Figúrese usted que entre todas aquellas barracas había una, ante la cual nadie se detenía. ¡Imagínese usted cómo estaría su dueño! De nada le valía agotarse anunciando poseer las siete maravillas del mundo: ¡nada! Ronco, sudoroso, se le ocurrió entonces un arbitrio para llamar la atención. Acordóse, de que tenía un cerdo él, o uno de sus vecinos. Fue en su busca, decidido a tratar de atraer a la gente por cualquier medio. Y le vimos aparecer, al pasar nosotros, todo quebrantado de fatiga, desesperado, sin hablar ya, sosteniendo entre sus brazos al puerco, trabajosamente.

Era éste un cochino pelado, rapado, casi rojo. Debatíase protestando con rabia grotesca, con gruñidos en que palpitaba la nostalgia del chiquero y una impotente furia. Y el público, divertido, comenzó, por fin, a aglomerarse.

Los gruñidos subían de punto, y el cerdo agitaba las patas en el aire presentando el ridículo vientre a la risa de los transeúntes. Sus orejas se agitaban furiosas; y de sus ojillos estúpidos parecía surgir una especie de imploración asombrada...

Seguramente el dueño de la barraca le mortificaba con disimulo, para atraer más gente con sus chillidos destemplados. Quizá también vengaba en el grotesco animal su rabia de no haber ganado nada aquella noche... Los gritos, en efecto, no cesaron hasta que no hubieron entrado en la barraca algunas personas, ganadas por la original treta.

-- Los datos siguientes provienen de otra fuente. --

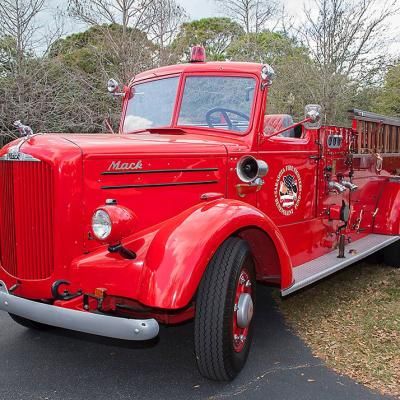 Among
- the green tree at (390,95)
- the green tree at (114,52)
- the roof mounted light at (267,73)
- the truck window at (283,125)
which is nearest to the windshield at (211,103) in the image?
the roof mounted light at (267,73)

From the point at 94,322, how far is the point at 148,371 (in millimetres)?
841

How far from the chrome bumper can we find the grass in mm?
1456

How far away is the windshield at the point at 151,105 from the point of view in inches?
160

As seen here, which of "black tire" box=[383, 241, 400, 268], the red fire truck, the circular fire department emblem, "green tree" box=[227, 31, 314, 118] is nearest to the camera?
the red fire truck

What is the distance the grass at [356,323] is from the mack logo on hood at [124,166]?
1845mm

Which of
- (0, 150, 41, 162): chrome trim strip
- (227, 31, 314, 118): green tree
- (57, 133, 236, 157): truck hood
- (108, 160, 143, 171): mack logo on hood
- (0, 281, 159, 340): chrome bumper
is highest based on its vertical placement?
(227, 31, 314, 118): green tree

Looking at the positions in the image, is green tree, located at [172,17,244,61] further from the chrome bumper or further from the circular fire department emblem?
the chrome bumper

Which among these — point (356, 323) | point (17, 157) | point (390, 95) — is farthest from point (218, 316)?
point (390, 95)

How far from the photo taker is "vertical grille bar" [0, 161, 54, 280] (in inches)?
114

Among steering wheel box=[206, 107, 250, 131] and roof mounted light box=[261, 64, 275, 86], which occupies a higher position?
roof mounted light box=[261, 64, 275, 86]

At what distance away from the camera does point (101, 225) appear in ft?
8.88

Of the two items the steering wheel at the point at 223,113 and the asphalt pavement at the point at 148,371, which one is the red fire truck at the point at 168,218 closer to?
the steering wheel at the point at 223,113

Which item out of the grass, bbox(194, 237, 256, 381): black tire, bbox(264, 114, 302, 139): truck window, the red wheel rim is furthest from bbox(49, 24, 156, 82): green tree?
bbox(194, 237, 256, 381): black tire

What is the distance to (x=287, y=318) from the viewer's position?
4.23m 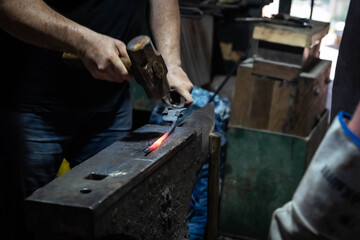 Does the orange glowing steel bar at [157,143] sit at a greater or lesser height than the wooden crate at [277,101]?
greater

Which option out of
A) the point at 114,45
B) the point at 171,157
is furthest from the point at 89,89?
the point at 171,157

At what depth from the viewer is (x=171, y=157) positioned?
5.09 feet

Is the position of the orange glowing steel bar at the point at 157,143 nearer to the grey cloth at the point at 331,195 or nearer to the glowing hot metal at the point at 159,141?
the glowing hot metal at the point at 159,141

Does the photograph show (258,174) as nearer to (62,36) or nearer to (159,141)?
(159,141)

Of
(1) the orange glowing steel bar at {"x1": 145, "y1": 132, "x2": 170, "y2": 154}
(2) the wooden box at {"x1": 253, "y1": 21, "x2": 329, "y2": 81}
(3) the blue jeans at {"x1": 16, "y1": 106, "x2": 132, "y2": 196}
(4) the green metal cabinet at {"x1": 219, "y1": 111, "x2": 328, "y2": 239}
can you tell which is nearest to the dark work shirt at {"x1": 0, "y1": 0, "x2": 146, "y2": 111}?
(3) the blue jeans at {"x1": 16, "y1": 106, "x2": 132, "y2": 196}

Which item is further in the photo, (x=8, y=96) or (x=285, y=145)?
(x=285, y=145)

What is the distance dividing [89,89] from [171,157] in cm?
67

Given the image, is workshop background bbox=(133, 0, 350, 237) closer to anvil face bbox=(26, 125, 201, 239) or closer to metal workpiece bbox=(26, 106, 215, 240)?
metal workpiece bbox=(26, 106, 215, 240)

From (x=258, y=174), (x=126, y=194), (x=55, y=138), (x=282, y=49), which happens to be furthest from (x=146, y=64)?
(x=258, y=174)

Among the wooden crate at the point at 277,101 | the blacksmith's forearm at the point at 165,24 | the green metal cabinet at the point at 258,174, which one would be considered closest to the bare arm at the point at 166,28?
Answer: the blacksmith's forearm at the point at 165,24

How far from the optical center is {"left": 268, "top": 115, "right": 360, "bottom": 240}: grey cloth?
79 cm

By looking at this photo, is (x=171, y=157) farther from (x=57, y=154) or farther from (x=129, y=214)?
(x=57, y=154)

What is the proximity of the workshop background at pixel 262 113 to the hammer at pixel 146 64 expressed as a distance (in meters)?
1.00

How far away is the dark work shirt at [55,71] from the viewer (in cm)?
193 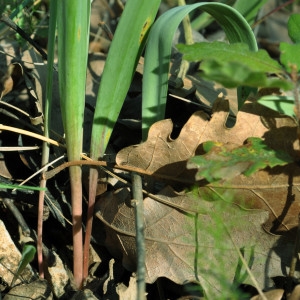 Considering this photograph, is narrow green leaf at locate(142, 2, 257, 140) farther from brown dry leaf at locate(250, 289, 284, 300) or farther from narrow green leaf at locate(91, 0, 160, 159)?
brown dry leaf at locate(250, 289, 284, 300)

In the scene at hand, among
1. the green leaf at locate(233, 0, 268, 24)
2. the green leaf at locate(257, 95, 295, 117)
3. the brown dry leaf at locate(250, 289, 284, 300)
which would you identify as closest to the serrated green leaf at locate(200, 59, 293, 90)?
the green leaf at locate(257, 95, 295, 117)

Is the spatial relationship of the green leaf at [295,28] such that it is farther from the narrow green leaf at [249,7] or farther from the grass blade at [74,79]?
the grass blade at [74,79]

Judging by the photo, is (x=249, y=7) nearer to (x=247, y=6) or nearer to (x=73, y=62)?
(x=247, y=6)

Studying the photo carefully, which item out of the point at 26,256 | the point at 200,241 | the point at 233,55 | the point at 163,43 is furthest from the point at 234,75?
the point at 26,256

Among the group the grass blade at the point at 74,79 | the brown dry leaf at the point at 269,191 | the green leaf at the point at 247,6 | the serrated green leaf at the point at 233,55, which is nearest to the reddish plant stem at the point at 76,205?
the grass blade at the point at 74,79

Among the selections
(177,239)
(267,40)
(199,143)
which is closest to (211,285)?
(177,239)

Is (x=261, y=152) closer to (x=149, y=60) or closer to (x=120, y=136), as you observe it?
(x=149, y=60) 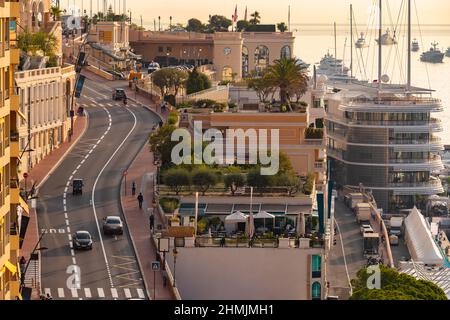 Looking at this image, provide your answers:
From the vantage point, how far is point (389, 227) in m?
82.9

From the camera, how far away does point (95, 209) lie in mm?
52438

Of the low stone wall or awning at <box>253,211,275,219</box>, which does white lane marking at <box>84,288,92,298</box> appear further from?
the low stone wall

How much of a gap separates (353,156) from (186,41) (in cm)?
4375

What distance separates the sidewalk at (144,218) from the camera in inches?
1585

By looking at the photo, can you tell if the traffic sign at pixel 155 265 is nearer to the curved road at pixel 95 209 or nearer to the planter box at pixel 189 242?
the curved road at pixel 95 209

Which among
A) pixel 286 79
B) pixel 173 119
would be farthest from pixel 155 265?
pixel 286 79

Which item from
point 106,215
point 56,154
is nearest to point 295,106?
point 56,154

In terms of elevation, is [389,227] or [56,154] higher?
[56,154]

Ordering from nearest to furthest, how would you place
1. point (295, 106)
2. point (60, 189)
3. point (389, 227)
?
point (60, 189) → point (295, 106) → point (389, 227)

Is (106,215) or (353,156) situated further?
(353,156)

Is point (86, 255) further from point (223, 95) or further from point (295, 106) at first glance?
point (223, 95)

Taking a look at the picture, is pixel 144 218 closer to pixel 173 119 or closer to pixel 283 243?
pixel 283 243

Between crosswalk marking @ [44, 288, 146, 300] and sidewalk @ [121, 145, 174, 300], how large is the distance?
43 centimetres

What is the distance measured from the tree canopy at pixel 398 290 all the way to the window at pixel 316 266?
161cm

El cerdo descansó entonces, todavía con gruñidos de enojo acongojado, respirando fatigosamente. Nadie le compadecía. Nadie le comprendía. Y él no comprendía nada tampoco, ni a nadie. Miraba a los hombres reír, sin que nadie pensara en apiadarse de él. En su rudimentario cerebro, mientras la multitud se dispersaba, consumábase tal vez una revolución muda. Y la expresión de asombro implorativo de sus ojuelos dijérase que se trocaba lentamente en otra más profunda y misteriosa.

Vi alejarse en tanto a los últimos curiosos, y perderse entre la muchedumbre, jugueteándoles en los labios un resto de risa. Y no sé por qué se me incrustó en la memoria el recuerdo de aquel cuerpo rapado y rojo que acababa de ver, de aquella risible congoja, de aquel espasmo de dolor supremamente bufo...



 “Cerdo”: Gil Luna, artista, 1908, Madrid, pp. 153-160.